Molyneux was busy for the 63 minutes that he was on the pitch and he went off to a round of generous applause from the 186 hardy souls who turned out on a wretched night. His replacement, Jack Diamond, was to make his name a few minutes later. As for Molyneux, he may well be in the first team squad tonight.

In the meantime, Andorian’s central defence partner, Jack Bainbridge, who, up until this point, had appeared to benefit from the Armenian’s presence, dropped a short back pass to keeper Anthony Patterson. He came for it, stopped, retreated and was left embarrassed as Kyle Edwards rolled in the equaliser.

It was set for a Baggies Boing-Boing, but Diamond had other thoughts. Latching on to a ball played out from the defence, he ran at the 35-year-old Tyrone Mears playing at full back, beat him and fired in a shot at the near post which may just have taken a touch from a defender before beating House.

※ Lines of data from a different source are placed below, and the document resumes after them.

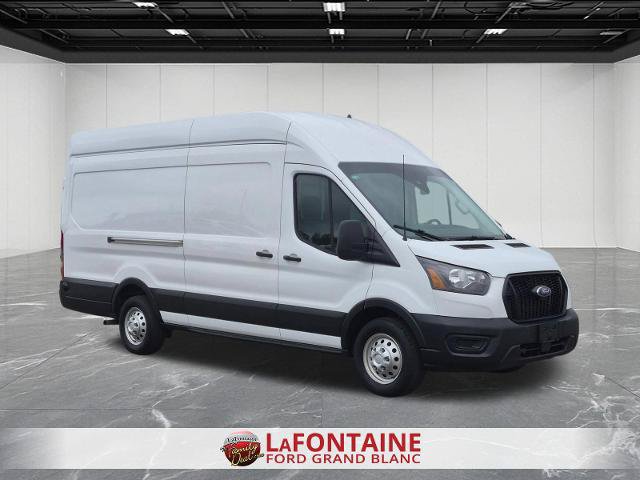 Certified 2024 Ford Transit 250 148 High Roof Extended AWD w/ Load Area Protection Package image 9
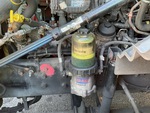 LL833601 - 2020 International LT625: Fuel System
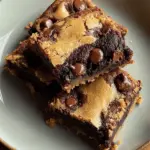 Brown Butter Brookies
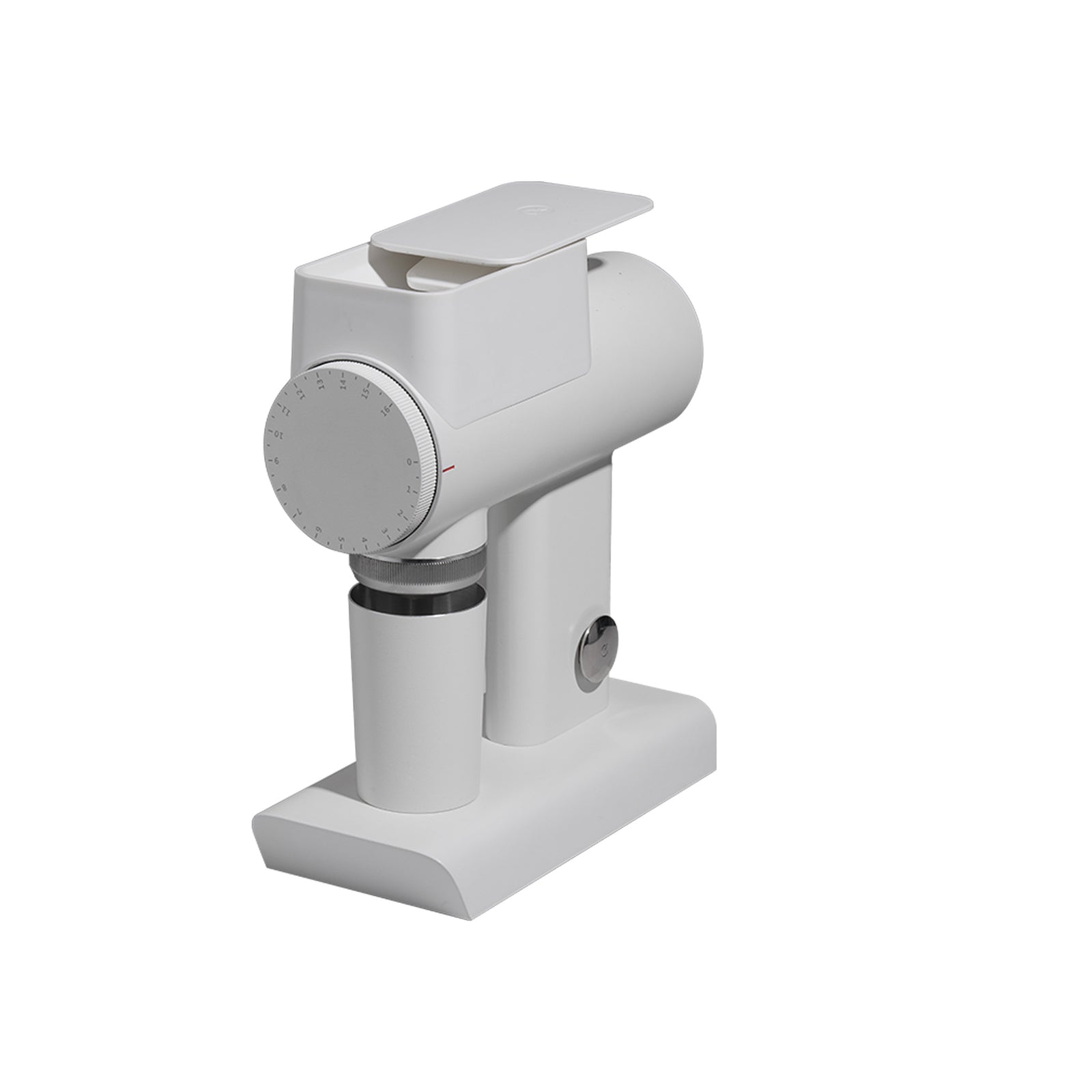 Sculptor 064S Elektrisk Kvarn Vit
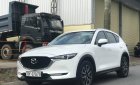 Mazda CX 5 2018 - Cần bán Mazda CX5 sản xuất 2018, màu trắng, giá tốt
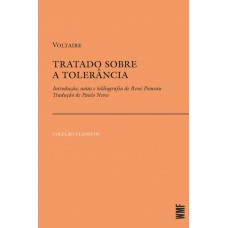 Tratado sobre a tolerância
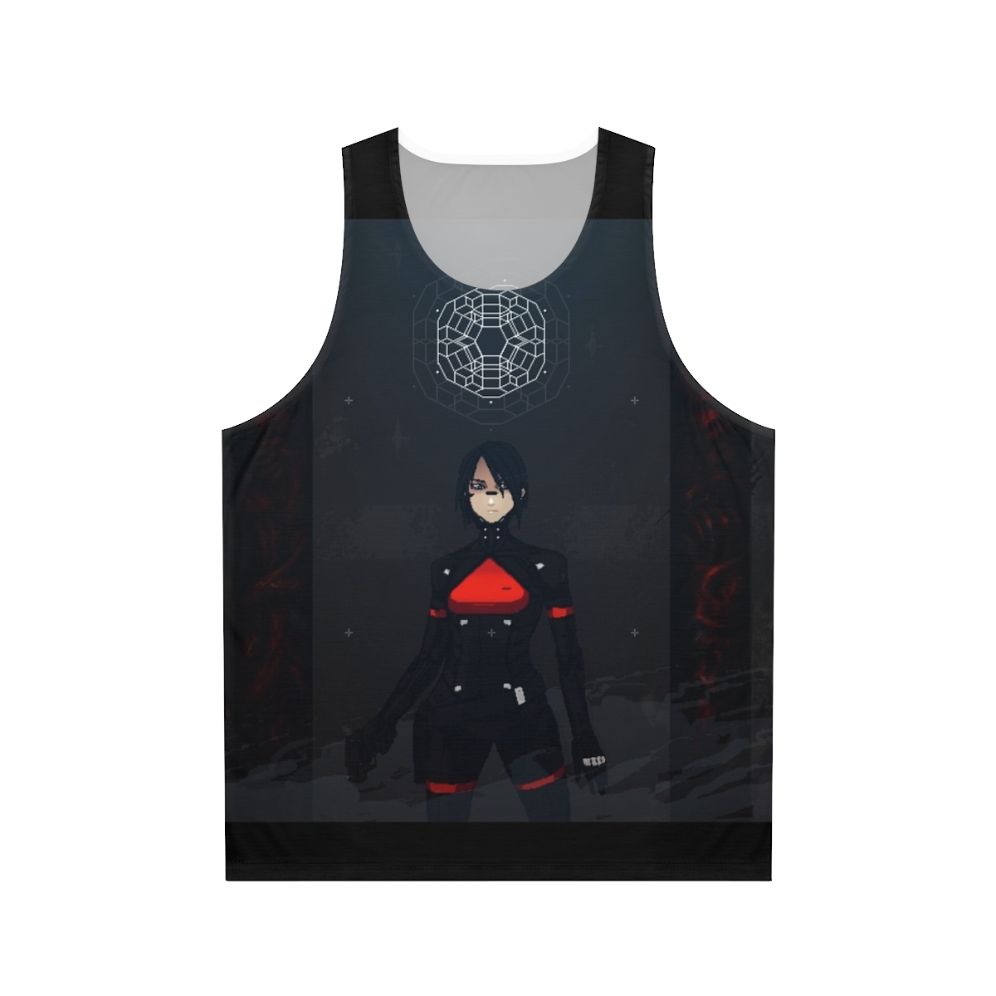 Signalis Unisex Tank Top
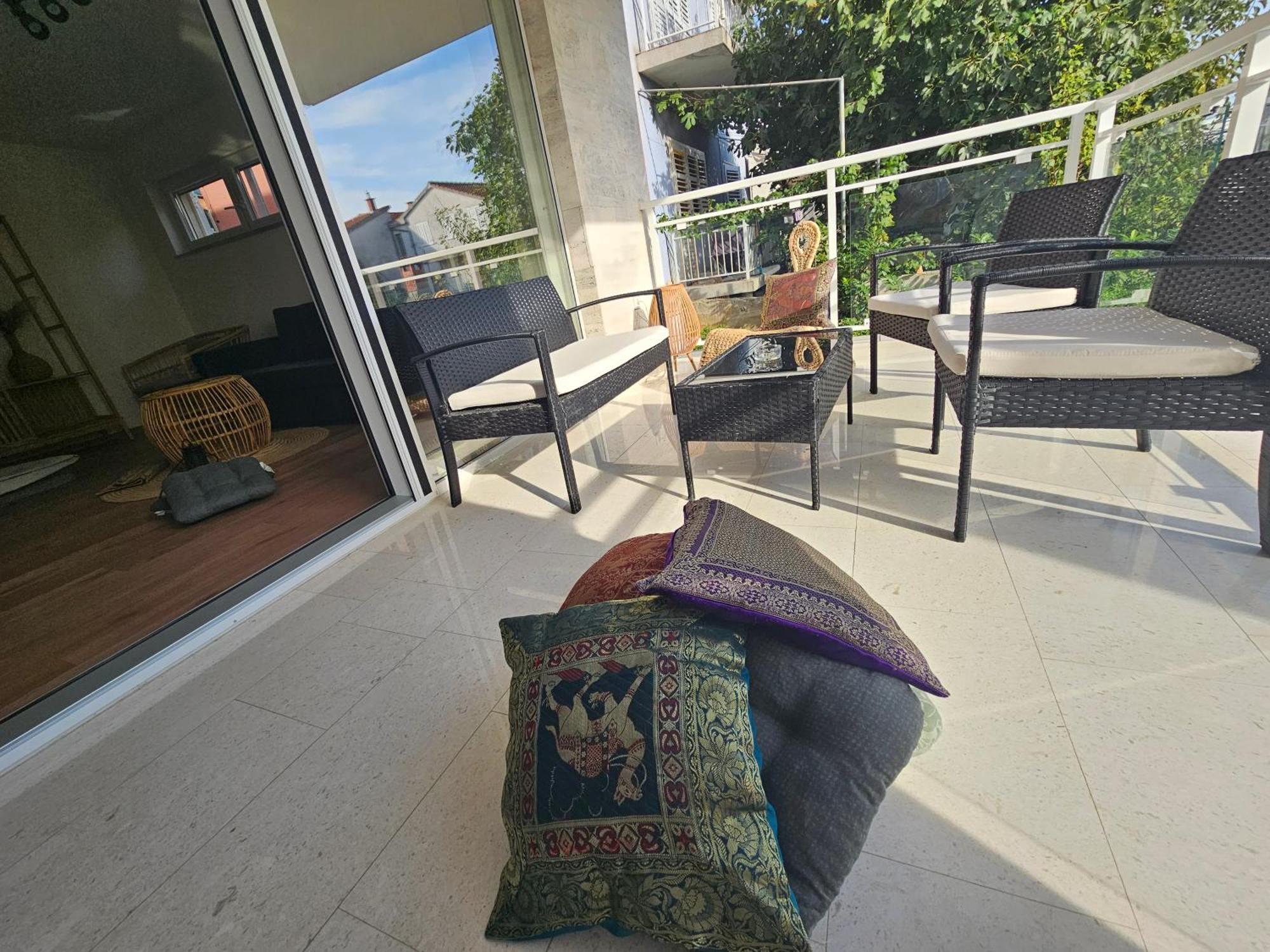 Vila Regina Apartment Rex With Swimming Pool 耶泽拉 外观 照片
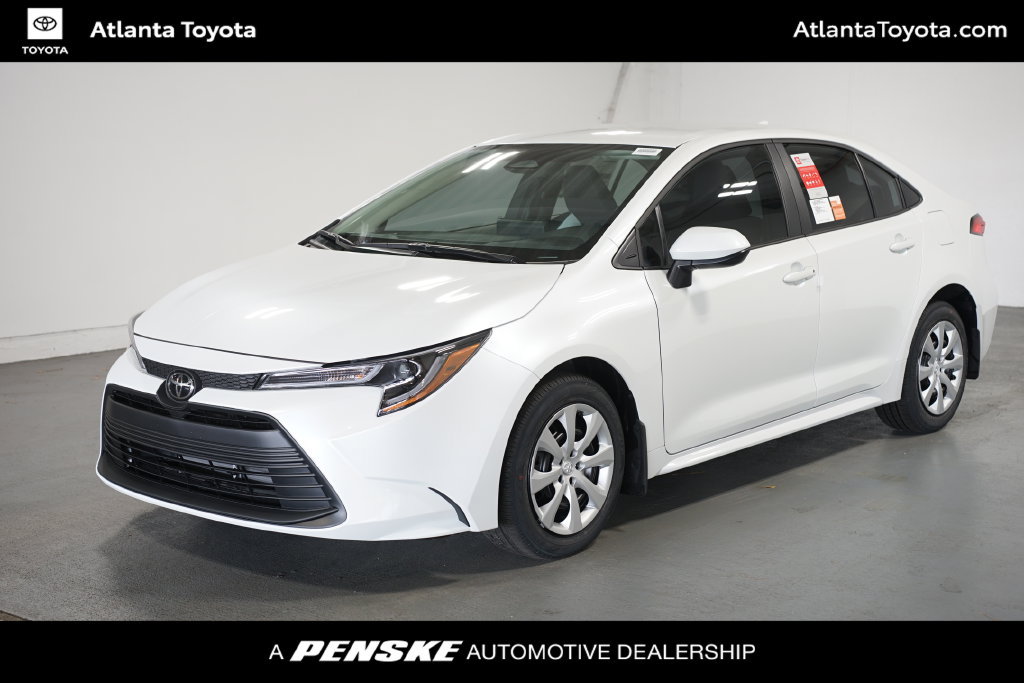 2027 Toyota Corolla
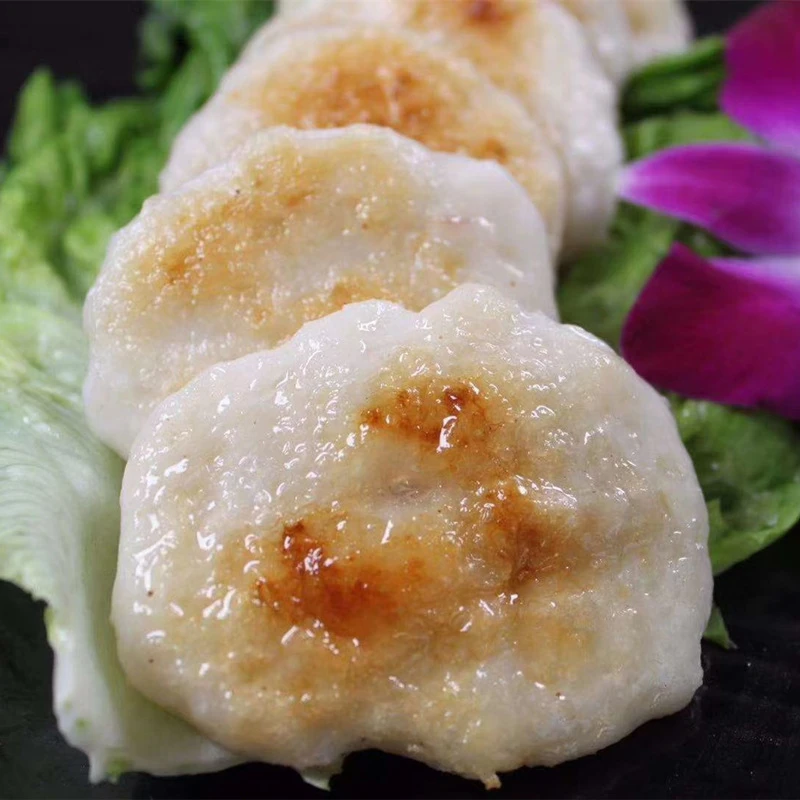 【前记粉丝精选】墨鱼饼3包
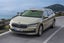 Skoda Superb Estate Review 2024: driving dynamic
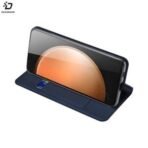 Housse de Protection Skin Pro Dux Ducis pour Samsung Galaxy S25 FE S731 Noir – Image 2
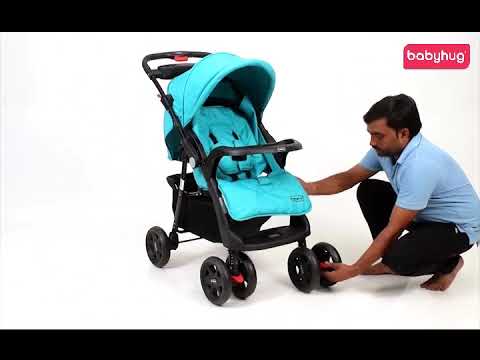 babyhug stroller reviews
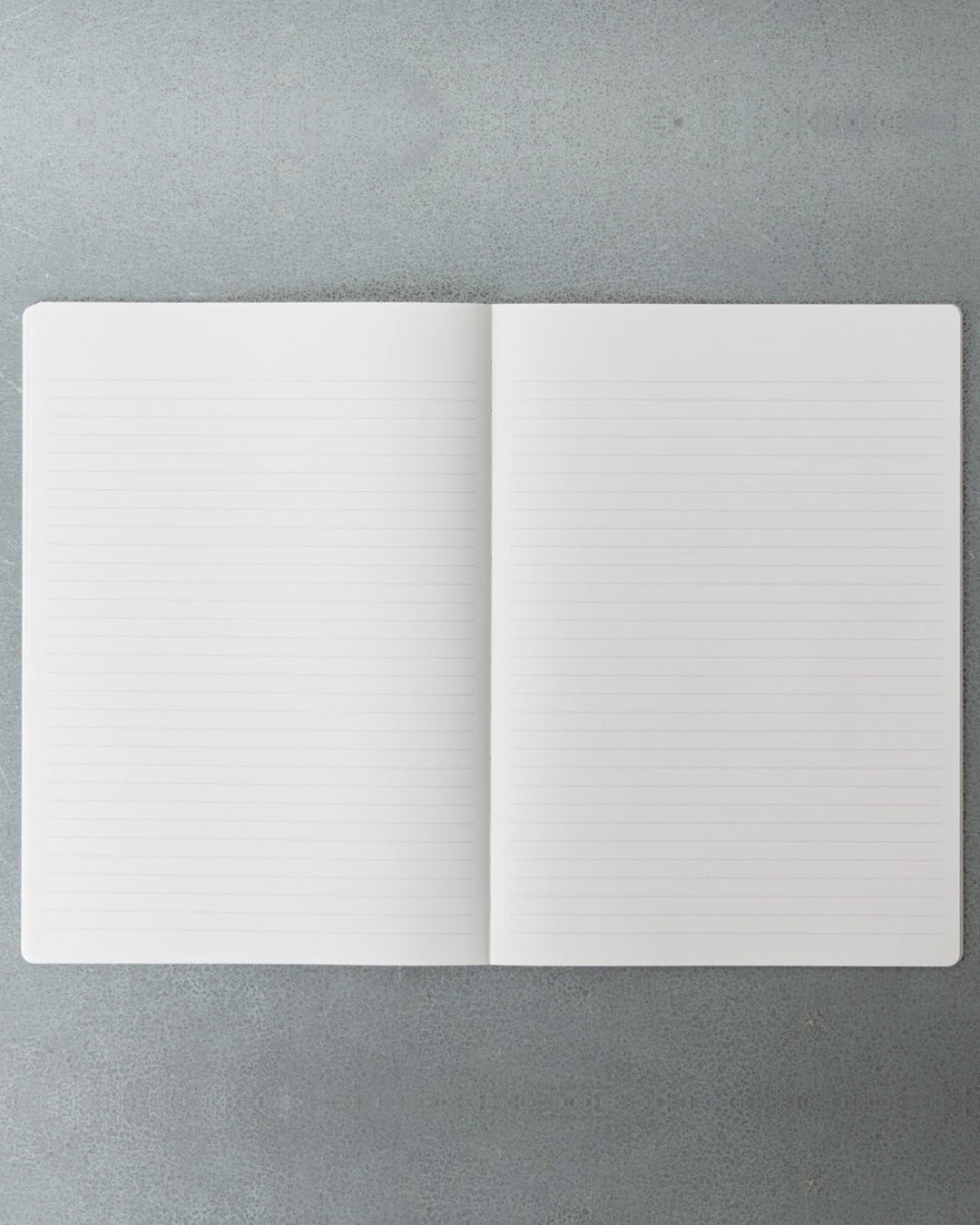 Stálogy - Standard Notebook - Grey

And that was the end of the scoring. As the Throstles tired, Kimpioka came into the game with some effective running which offered much relief to our hard-working defence and midfield, a midfield in which Adam Bale was outstanding. He looks keen and well disposed to a run out in subsequent EFL Trophy games.

We floated on air back to the car and listened to the eulogies being delivered to Alastair Cook by Michael Vaughan, Graham Gooch and Andy Flower. A fine batsman and an all-round decent bloke was the considered verdict of all three. I wonder what Gael Andonian’s view on Cook was?